公开(公告)号:US20240273926A1
公开(公告)日:2024-08-15
申请号:US18647261
申请日:2024-04-26
Applicant: NVIDIA CORPORATION
Inventor: Kang Wang , Yue Wu , Minwoo Park , Gang Pan
IPC: G06V20/64 , B60G17/0165 , B60K31/00 , B60W60/00 , G01S17/89 , G01S17/931 , G06F18/214 , G06V20/58
CPC classification number: G06V20/64 , G01S17/89 , G01S17/931 , G06F18/214 , G06V20/58 , B60G17/0165 , B60K31/00 , B60W60/001 , B60W2420/408
Abstract: In various examples, to support training a deep neural network (DNN) to predict a dense representation of a 3D surface structure of interest, a training dataset is generated from real-world data. For example, one or more vehicles may collect image data and LiDAR data while navigating through a real-world environment. To generate input training data, 3D surface structure estimation may be performed on captured image data to generate a sparse representation of a 3D surface structure of interest (e.g., a 3D road surface).
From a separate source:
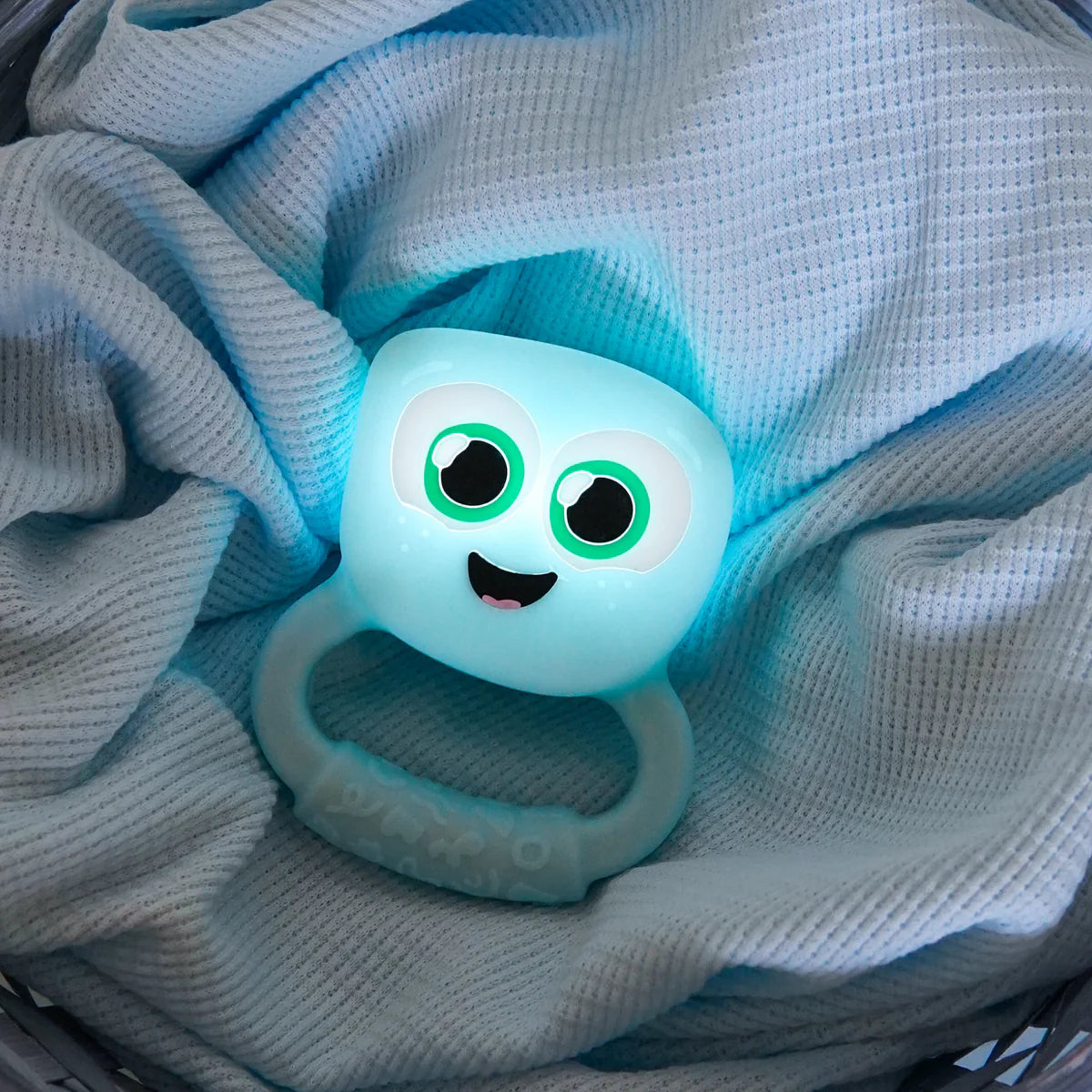 Animal Rattle Light Light Up Rattle – My Small World Adventures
To generate corresponding ground truth training data, captured LiDAR data may be smoothed, subject to outlier removal, subject to triangulation to filling missing values, accumulated from multiple LiDAR sensors, aligned with corresponding frames of image data, and/or annotated to identify 3D points on the 3D surface of interest, and the identified 3D points may be projected to generate a dense representation of the 3D surface structure.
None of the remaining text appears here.